/pdf2md

This project, pdf2md, transforms academic paper PDF files into digestible text files. By analyzing the layout of the PDF file, the application restructures paragraphs and translates desired content. The final result is a conveniently exported text file.

Primary LanguagePythonMIT LicenseMIT

pdf2md

This project, pdf2md, transforms academic paper PDF files into digestible text files. By analyzing the layout of the PDF file, the application restructures paragraphs and translates desired content. The final result is a conveniently exported text file.

Setup

We recommend setting up a virtual environment for running the application. This can be done with the following commands:

python -m venv .venv
# Activate the virtual environment depending on your platform

Next, install the required Python packages:

pip install -r requirements.txt

In order to run pdf2md, you need to set up a .env file. An example .env file could look like:

CACHE_DIR="./cache"
EXPORT_DIR="./export"
TEXT_FONT="Malgun Gothic"
TEXT_FONT_SIZE=11

# If you want to translate with RapidAPI DeepL API
DEEPL_RAPID_API_KEY=(your RapidAPI key)
DEEPL_RAPID_API_HOST=(your RapidAPI host)
DEEPL_RAPID_API_SRC_LANG=EN
DEEPL_RAPID_API_DST_LANG=KO

# If you want to translate with OpenAI GPT-4
OPENAI_API_KEY=(your open ai key)
PROMPT_DIR="./prompt"

In Korea, we don't have access to the DeepL API yet, so we use RapidAPI, which has similar pricing terms.

To obtain a RapidAPI DeepL API key, please visit the following website: https://rapidapi.com/splintPRO/api/deepl-translator/

To obtain an OpenAI API key, please visit the following website: https://platform.openai.com/

Run

The application can then be run with:

python -m src.main --f (URL or file name)

In case the URL points to an Arxiv path, the program will attempt to infer the PDF file path and read from it.

https://arxiv.org/abs/1706.03762 → https://arxiv.org/pdf/1706.03762.pdf

If no arguments are provided, the program will attempt to read a PDF from a URL or file path present in your clipboard.

You can check the list of available fonts in the system with the --l option.

python -m src.main --l

Usage

The user interface is easy to navigate and manipulate. The various functionalities include:

Safe Area: Define a safe area in the PDF to designate the primary content. The safe area can be adjusted by dragging the red rectangle and applies to the whole document.

Visibility: Toggle the visibility of elements in the translation or export. Individual elements can be toggled on and off with a click, or multiple elements can be selected by dragging.

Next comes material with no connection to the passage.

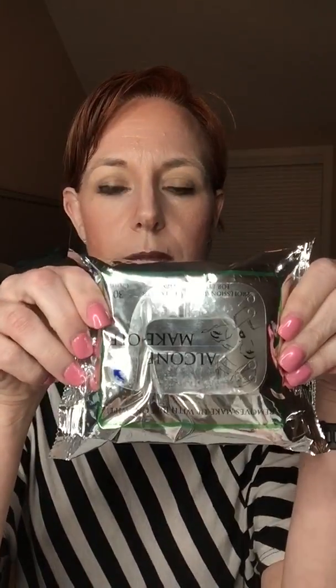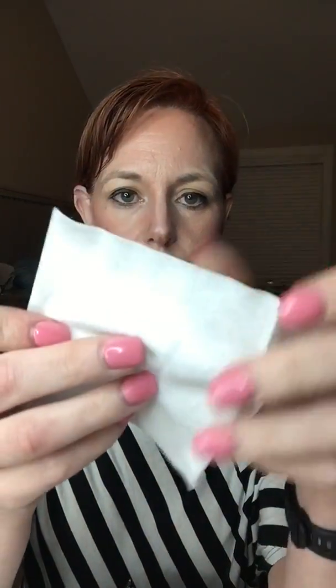I do have to buy them for you — you can't buy them directly from my site. So I literally just have one wipe. I'm going to start with my eyes, and you can see I have liner on the top and the bottom, I have mascara, I have shadow, lots of stuff on.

Body: Distinguish body text from non-body elements. Images are automatically marked as non-body and cannot be changed. Use this button to exclude captions when chaining separated paragraphs.

Concat / Split: Merge multiple elements into a single paragraph by dragging, or separate them back into lines with a right click. Merged paragraphs do not include line breaks.

Join / Split: Similar to Concat/Split, but merges paragraphs with line breaks.

Order: Adjust the order of paragraphs. First, click an element to set it as the baseline, then left click another element to place it after the baseline, or right click to place it before. Use the Esc key to cancel the selection.

Chain: Link paragraphs that have been split over several blocks or pages. A single click links the paragraph to the next body paragraph without a line break, a double click links them with a line break. Chained paragraphs are processed together during translation.

Translate: Translates the selected paragraph into Korean. The application currently uses GPT-4, but you can modify the prompt by changing the prompt/translate.txt file.

Roadmap

  • Extraction of images embedded in the PDF.
  • Extraction of tables in the PDF.
  • Proper parsing or image extraction of equations in the PDF.
  • Automatic identification and modification of text attributes such as title, subtitle, and body text through font analysis.
  • Export to markdown (md) files with formatting.
  • Export to MHTML files, including images, tables, and equations.